* [EXERCISE BRIEF] Print, in exact form, the lines below from the one containing "Skinny jeans" through the one containing "1715 2nd Property Photo 3", and omit all others.

* [EXTRACTED INFORMATION]
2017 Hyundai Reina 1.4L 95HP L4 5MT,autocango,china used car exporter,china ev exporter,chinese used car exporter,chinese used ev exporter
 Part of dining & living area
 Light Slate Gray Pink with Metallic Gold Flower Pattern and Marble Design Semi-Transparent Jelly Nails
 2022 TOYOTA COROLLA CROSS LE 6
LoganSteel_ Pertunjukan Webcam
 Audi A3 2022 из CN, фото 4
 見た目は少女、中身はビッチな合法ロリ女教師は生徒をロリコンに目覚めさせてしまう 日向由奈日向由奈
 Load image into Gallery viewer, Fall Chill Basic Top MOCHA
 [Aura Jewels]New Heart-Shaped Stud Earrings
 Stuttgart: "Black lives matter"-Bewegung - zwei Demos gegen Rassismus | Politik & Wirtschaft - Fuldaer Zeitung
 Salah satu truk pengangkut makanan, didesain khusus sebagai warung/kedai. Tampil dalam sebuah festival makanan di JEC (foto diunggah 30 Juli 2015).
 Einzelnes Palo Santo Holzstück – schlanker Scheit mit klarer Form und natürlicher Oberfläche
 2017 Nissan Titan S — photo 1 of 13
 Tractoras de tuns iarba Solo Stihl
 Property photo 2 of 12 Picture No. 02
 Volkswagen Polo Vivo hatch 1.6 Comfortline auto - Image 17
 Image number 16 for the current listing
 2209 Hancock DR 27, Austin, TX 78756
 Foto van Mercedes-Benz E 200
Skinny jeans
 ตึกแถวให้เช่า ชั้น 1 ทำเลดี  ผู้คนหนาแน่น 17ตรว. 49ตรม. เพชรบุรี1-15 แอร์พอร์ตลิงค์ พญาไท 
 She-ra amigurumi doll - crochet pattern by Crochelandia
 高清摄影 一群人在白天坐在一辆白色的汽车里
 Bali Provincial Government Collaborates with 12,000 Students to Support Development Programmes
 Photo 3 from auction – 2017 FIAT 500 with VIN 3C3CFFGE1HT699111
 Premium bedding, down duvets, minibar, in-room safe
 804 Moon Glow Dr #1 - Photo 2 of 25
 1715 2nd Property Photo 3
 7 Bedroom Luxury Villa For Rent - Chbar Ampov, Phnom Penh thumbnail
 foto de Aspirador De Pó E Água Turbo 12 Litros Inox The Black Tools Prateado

* [ANSWER TO THE EXERCISE]
Skinny jeans
 ตึกแถวให้เช่า ชั้น 1 ทำเลดี  ผู้คนหนาแน่น 17ตรว. 49ตรม. เพชรบุรี1-15 แอร์พอร์ตลิงค์ พญาไท 
 She-ra amigurumi doll - crochet pattern by Crochelandia
 高清摄影 一群人在白天坐在一辆白色的汽车里
 Bali Provincial Government Collaborates with 12,000 Students to Support Development Programmes
 Photo 3 from auction – 2017 FIAT 500 with VIN 3C3CFFGE1HT699111
 Premium bedding, down duvets, minibar, in-room safe
 804 Moon Glow Dr #1 - Photo 2 of 25
 1715 2nd Property Photo 3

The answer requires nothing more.